Kraków. MPK obcina kursy autobusów, powodem brak kierowców. "Tutaj jest horror komunikacyjny"

Wraz z początkiem roku szkolnego, część autobusów miejskich nie wyjedzie na ulice w Krakowie. Niektóre z nich będą miały skrócone trasy oraz ograniczoną częstotliwość. Jest to odpowiedź Miejskiego Przedsiębiorstwa Komunikacyjnego na braki kadrowe oraz problemy z punktualnością.

Od września w Krakowie zmniejszy się liczba kursujących autobusów. Zarząd Transportu Publicznego w Krakowie informuje, że zmiany rozpoczną się po wakacjach. "Wprowadzamy zmiany w miejskiej komunikacji autobusowej, będące z jednej strony odpowiedzią na liczne postulaty mieszkańców, a z drugiej wynikają z braku dostępności kierowców u naszego operatora MPK, co z kolei przekłada się na mniejszą liczbę autobusów kierowanych do ruchu" - przekazuje "Gazeta Krakowska".

Więcej podobnych informacji znajdziesz na stronie głównej Gazeta.pl.

Zobacz wideo Jakie są największe bolączki transportu publicznego w Polsce?

Kraków. Brakuje kierowców, linie autobusowe są likwidowane

Władze miasta przekonują, że podobne problemy dotyczą również innych miast w Polsce. - Jest to spowodowane odejściem kierowców do innych sektorów typu logistyka - przekazuje Łukasz Franek, dyrektor Zarządu Transportu Publicznego Krakowa, cytowany przez "Gazetę Krakowską". - Nie ma prawdy w sformułowaniach o wielkich, szokujących cięciach, aczkolwiek potwierdzam, że mamy zgłoszoną przez MPK możliwość wykonywania kursów o 25 autobusów mniej niż w czerwcu. Jest to związane z sytuacją kadrową na rynku i faktycznie kierowców brakuje wszędzie. Jeśli poprawi się sytuacja kadrowa, to te częstotliwości zostaną zwiększone - dodaje.

Zapowiadane zmiany odczują najbardziej pasażerowie komunikacji miejskiej. Od września zlikwidowane zostaną linie 148, 183 i 451. Trasy autobusy linii: 125, 142, 151, 163, 193 zostaną z kolei skrócone. Cięcia częstotliwości przejazdu obejmą linie: 105/405, 121, 123, 124/424, 156, 194. W weekendy autobusy niektórych nie będą już kursować z częstotliwością co 20 minut. Co pół godziny będą jednak odjeżdżać linie: 105, 405, 106, 136, 129, 138, 139, 144, 152, 159, 164, 168, 169, 469, 172, 173, 179, 182, 184, 189, 192, 194, 501, 502, 503, 511 (kursy sobotnie).
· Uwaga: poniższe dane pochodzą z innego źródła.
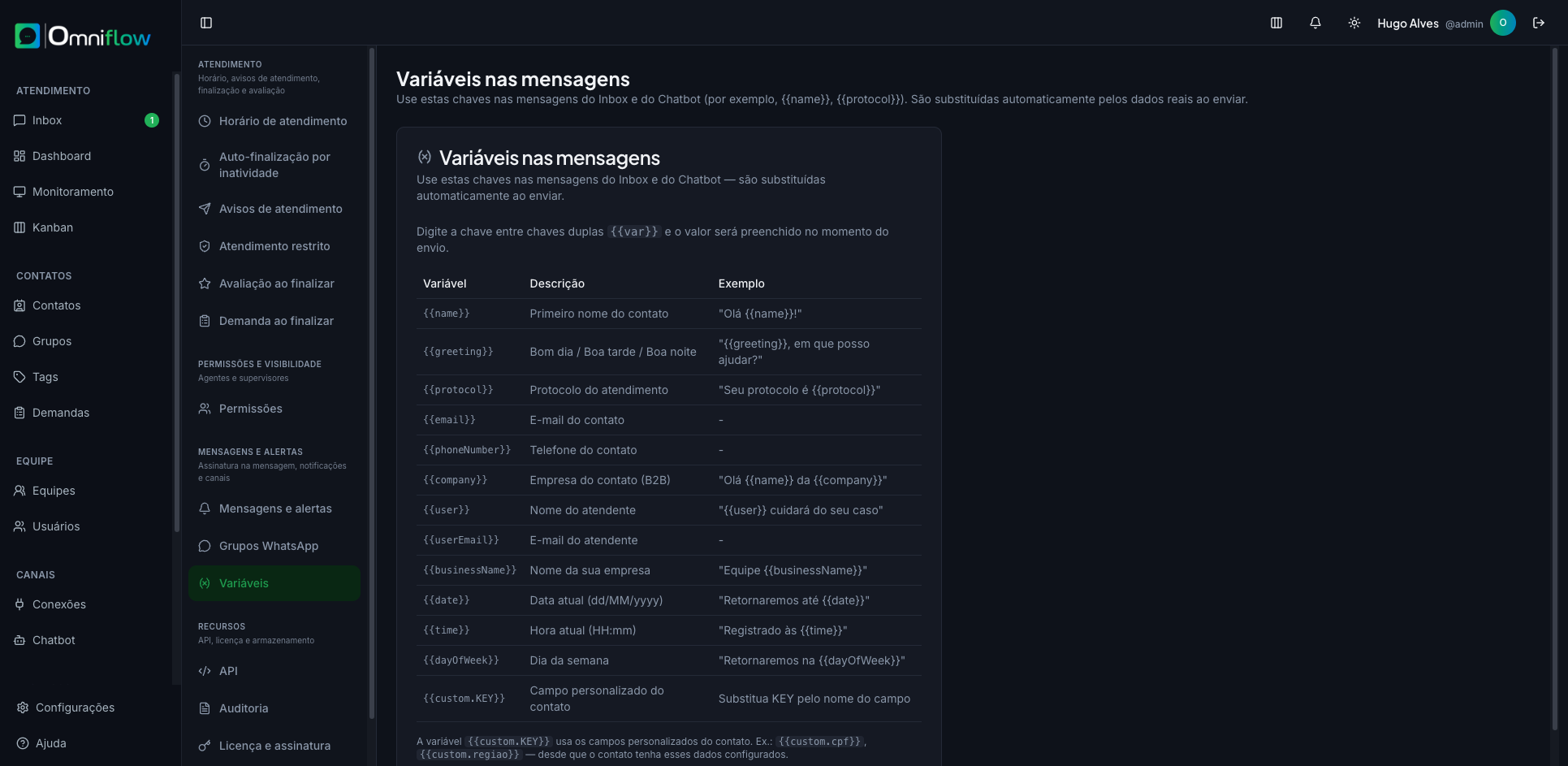 Lista de variáveis de template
Kraków. Mieszkańcy chcieli zmian w kursowaniu autobusów? "Tutaj jest horror komunikacyjny"

Sebastian Kowal, rzecznik Zarządu Transportu Publicznego w Krakowie, tłumaczy m.in., że mieszkańcy osiedla Złocień kierowali wnioski o skrócenie linii nr 125 do Małego Płaszowa z powodu braku punktualności. Miała też zostać poprawiona częstotliwość jej kursowania. - Nowe linie nr 125 i 425 odjeżdżając naprzemiennie co 10 minut, zapewnią dojazd do pętli tramwajowej. W zamian za dotychczasową linę na odcinku od Małego Płaszowa do Dąbia i dalej w rejonie ul. Dobrego Pasterza będzie ze zwiększoną częstotliwością kursować linia nr 128 - przekazuje rzecznik, cytowany przez "Gazetę Wyborczą".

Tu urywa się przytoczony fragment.